Hoy se debate en el Tribunal Constitucional si es que se admite o no la demanda competencial presentada por Pedro Olaechea contra la disolución del Congreso. No se va a decidir quién tiene la razón, sino, simplemente, el TC abriría la puerta a una decisión suya sobre el tema.
Para ser clara, mi posición es que la disolución del Congreso estuvo fuera de la legalidad. La “negación fáctica” de la confianza no es una figura contemplada por la Constitución, sino una interpretación hecha por el gobierno y la única institución con autoridad para interpretar la Carta Magna es el Tribunal Constitucional.
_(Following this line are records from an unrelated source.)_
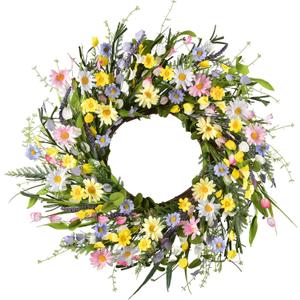 LSKYTOP Artificial Daisy Wreath 24Inch Front Door Wreath with Colorful Daisy Spring Wreaths Summer Wreath for Indoor Home Decor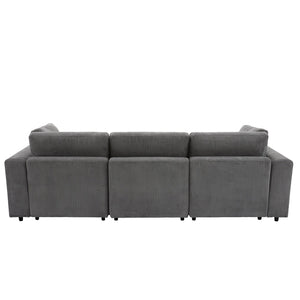 English Elm [ U_STYLE 105'' 3 Seater Sofa with Corduroy Fabric, Removable Back Cushions, Foam+Pocket Spring Comfort Gray WY000403AAE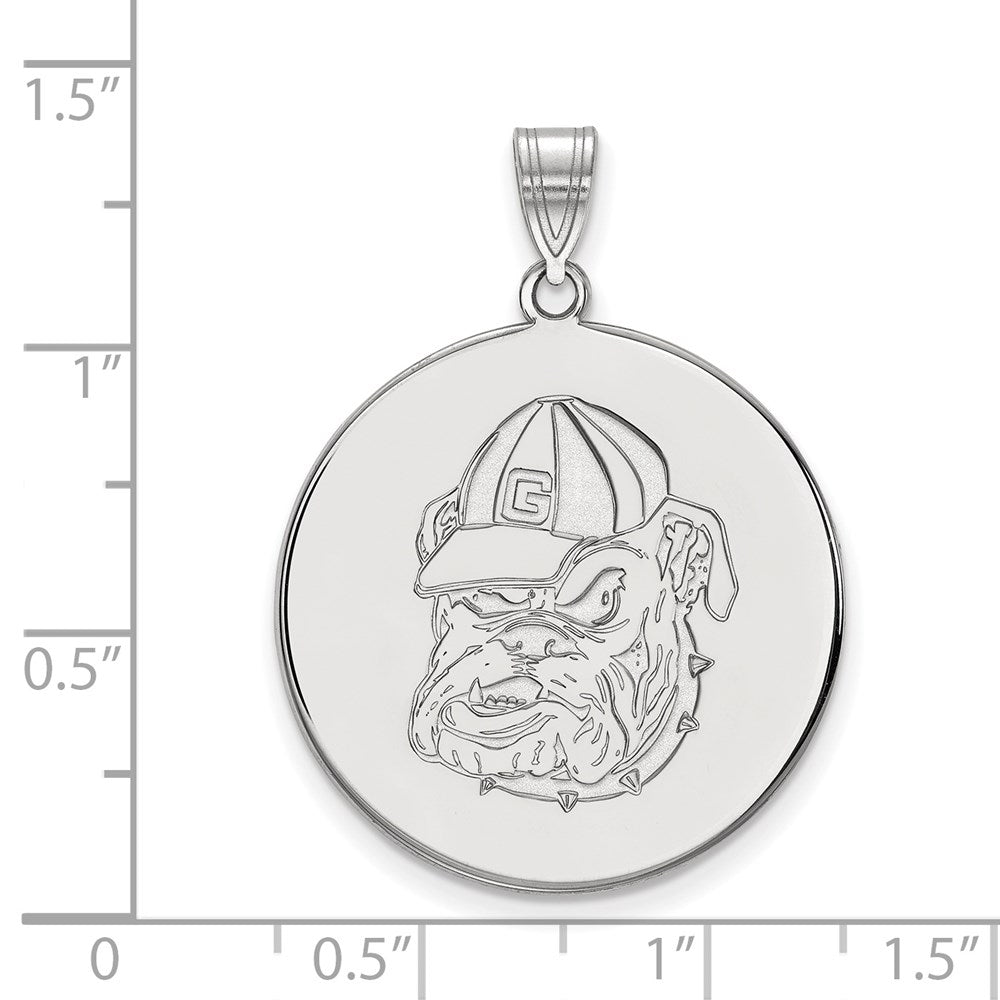 Sterling Silver Rhodium-plated LogoArt University of Georgia Bulldog Extra Large Disc Pendant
En esa línea, la conclusión lógica de la situación en la que nos encontramos sería que el TC defina si es que el análisis de Vizcarra fue correcto o no.
Por ello llama mucho la atención aquellas voces que descartan ese camino por considerarlo poco práctico. “Ya empezaron las elecciones”, “el país ya siguió su rumbo” y argumentos similares, hacen fila para justificar que en el Perú la institucionalidad se define de facto. Bajo esta lógica, si en el futuro hay dudas sobre la disolución de un poder del Estado, bastaría con que nadie pitee el tiempo suficiente, para dar la situación por bendecida por falta de hinchada en la tribuna.
Ahora bien, no existen solo los pragmáticos defensores del ‘ya para qué’. También hay quienes actúan proactivamente en contra de la demanda competencial, entre ellos, el propio gobierno.
-‘Fair play’-
En el fútbol existe el término ‘fair play’ o juego limpio para describir aquellas actitudes que, más allá del reglamento, reflejan los valores del deporte. Por ejemplo, botar la pelota al lateral si ves a un jugador del equipo rival lesionado.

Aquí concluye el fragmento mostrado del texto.